方丈記

読み:ほうじょうき
品詞:固有名詞

鴨長明による随筆。奥書によれば1212(建暦2)年3月晦日(つごもり)ごろ成立。書名は文中に「その家のありさま(中略)広さはわづかに方丈」とある庵にて著されたことから言われる。すぐれた自称文学として『徒然草』と双璧を為す。

内容はおよそ四つに分かれる。序章は、人の世の無情を川の流れにたとえて、詠嘆的な調子で語り始められる。続く二章では、長明が経験した天変地異や社会変動が克明に描き出されている。特に福原遷都の箇所は詳細な見聞録である。そして第三章では長明の身辺へと話題が移る。住居の変転を述べた後、現在の住居である方丈の庵の様子を細かに言及して述べ、その草庵生活の快適さ、意味深さを感嘆する。結ぶ終章では一転して、その方丈の生活にすら疑問を抱かざるを得ない自分があらわにされ、自問自答のあげく黙してしまう。

自己の内的矛盾をさらけ出し、ぎりぎりまで自分を追いつめたところに一編の主題がある。解答できない自分を見いだし、黙してしまうところに長明の真意があったと思われる。
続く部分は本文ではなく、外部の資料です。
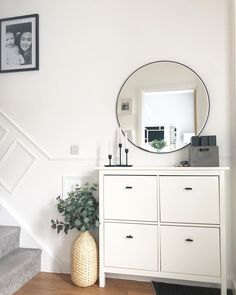 a white dresser with a round mirror above it and a potted plant next to it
和漢混淆文。対句や比喩を多く使い、修辞的に整った文体である。

目次

文語文

ゆく河の流れは絶えずして、しかももとの水にあらず。淀みに浮かぶうたかたは、かつ消え、かつ結びて、久しくとどまりたるためしなし。

口語文

流れ行く河の流れは絶えることはなく、しかも刹那たりとも元の水ではない。水の淀んでいるところに浮かんでいる泡は、あちらでは消え、こちらでは新しい泡ができて、いつまでも同じ状態でいることはない。